In the learning process, DNN classifies frame levels in finding PAPR during communication, in the same way, RNN also follows the same rule. In which each frame is being targeted to be learned, the alignment determines the separating line between higher peaks and lower peaks, which is done by the Hidden Markov Model (HMM). Table 1 illustrates the training and performance of the state of the trained model with 77400 × 6* the data set, which takes a little more time and iterations to train the model that is less than or equal to 74.59 seconds. The HMM is employed and the MSE is 0.00138 at 132 iterations with random data.

Table 1. Training the Data

The training model of HMM performs well but does not provide ideal performance where secure and reliable communication is required.

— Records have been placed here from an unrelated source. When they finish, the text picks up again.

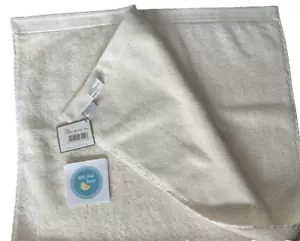 Alfombra de baño One FRETTE Cream Essentials 100 % algodón Portugal 20 x 36 nueva con etiquetas - Imagen 1 de 5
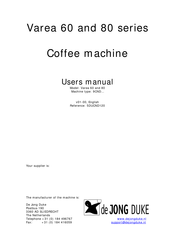 de Jong Duke Varea 60 Series User Manual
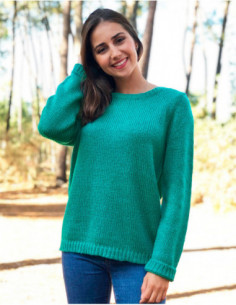 Pull uni aux touches scintillantes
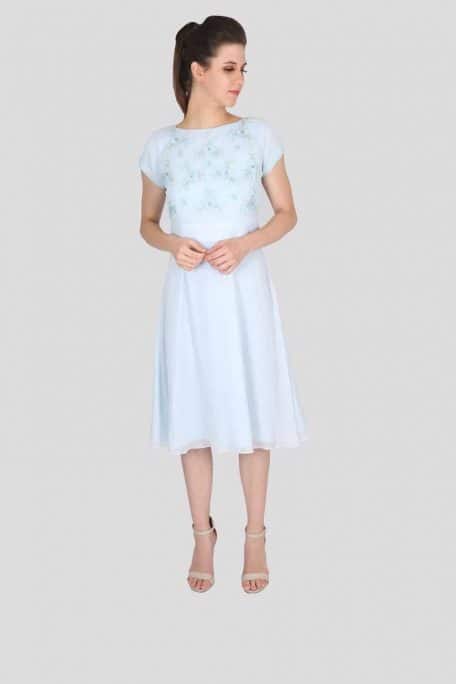 Aqua Chiffon Dress – RFOCC02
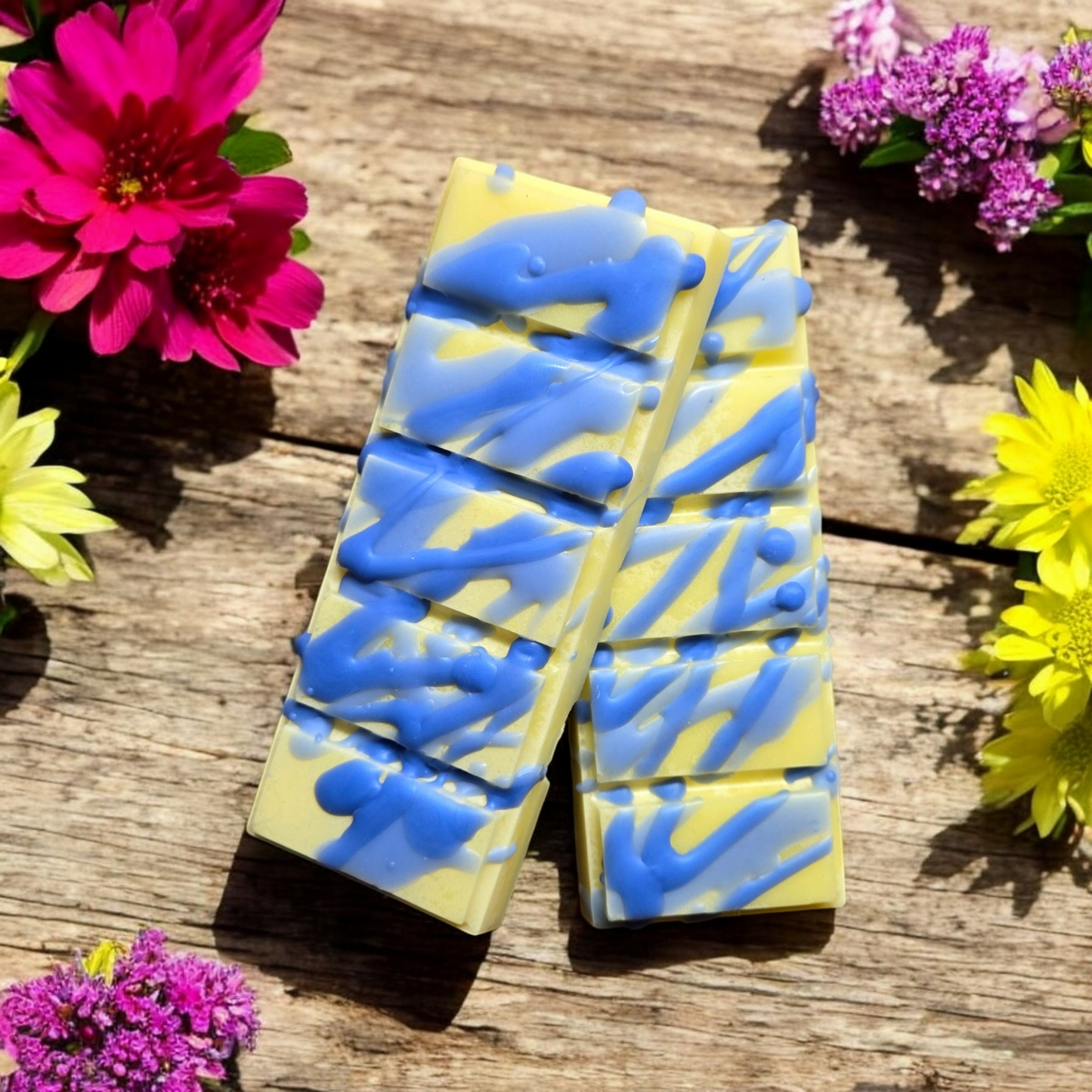 Blueberry Lemon Cake Wax melt Snap Bar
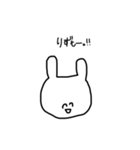 頭悪うさぎ りじゅ専用（個別スタンプ：7）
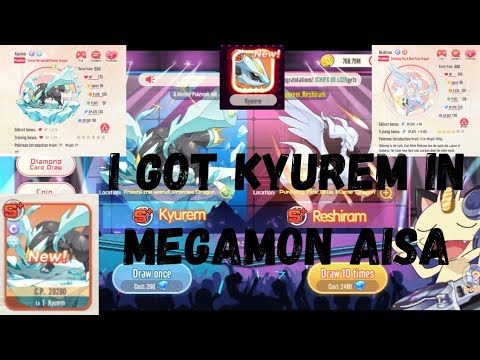 I got new Pokemon kyurem in megamon asia #megamonasia #megamonglobal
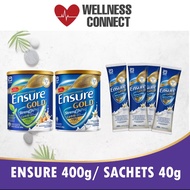 Ensure Gold 400G / Sachets (8x 60G) - Vanilla/ Wheat/ Coffee/ Plant Based (Almond)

For that connectionist temporal classification (CTC) is used to perform such operations [49], which doesn’t require the alignments for the classification of input data and targeted data in the learning process. There is only one separated unit for each part, i.e., the higher peaks unit and lower peaks unit. And there is also an ‘Empty’ unit added, referred to as no peak’s occurrence. The empty unit differentiates the higher peaks and lower peaks in the proposed system. The probability of an empty unit with indexing k in the amount of time t can be given as:

\(\begin{aligned}P_{r}(k, t \mid x)=\frac{\exp \left(y_{t}^{k}\right)}{\sum_{k^{\prime}} \exp \left(y_{t}^{k^{\prime}}\right)}\end{aligned}\)       (9)

Where x is the input, y_t^k is the element of the output, and a is the alignment of CTC at the length T of mentioned units i.e. units with peaks and including empty units. So, the probability of a can be defined as the product of the occurrence of probabilities at each time step,

\(\begin{aligned}P_{r}(a \mid x)=\prod_{t=1}^{T} \operatorname{Pr}\left(a_{t}, t \mid x\right)\end{aligned}\)       (10)

There are so many high peaks that occur, and we have separated them from an empty unit in which high peaks don’t occur. After this process we add the higher peaks, so the probability of high PAPR at the output can be given as,

\(\begin{aligned}\operatorname{Pr}(y / x)=\sum_{a \in B^{-1}(y)} \operatorname{Pr}(a / x)\end{aligned}\)       (11)

As we don’t know the exact position of higher peaks for that we perform a summation operation then those places will be stored in the memory of LSTM-NN. Afterward, the model is trained using a CTC function with targeted data y* such as

CTC(x) = −log Pr(y^*/x)       (12)

3.2 Network Architecture

The input sequence of the RNN network is denoted as x = (x₁,...,x_T), the hidden layer with h = (h₁,...,h_T), and an output layer sequence is y = (y₁,...,y_T) by iterating the following equations from t = 1 to T:

h_t = H(W_ihx_t + W_hhh_t-1+b_h)       (13)

y_t = W_hoh_t + b_o       (14)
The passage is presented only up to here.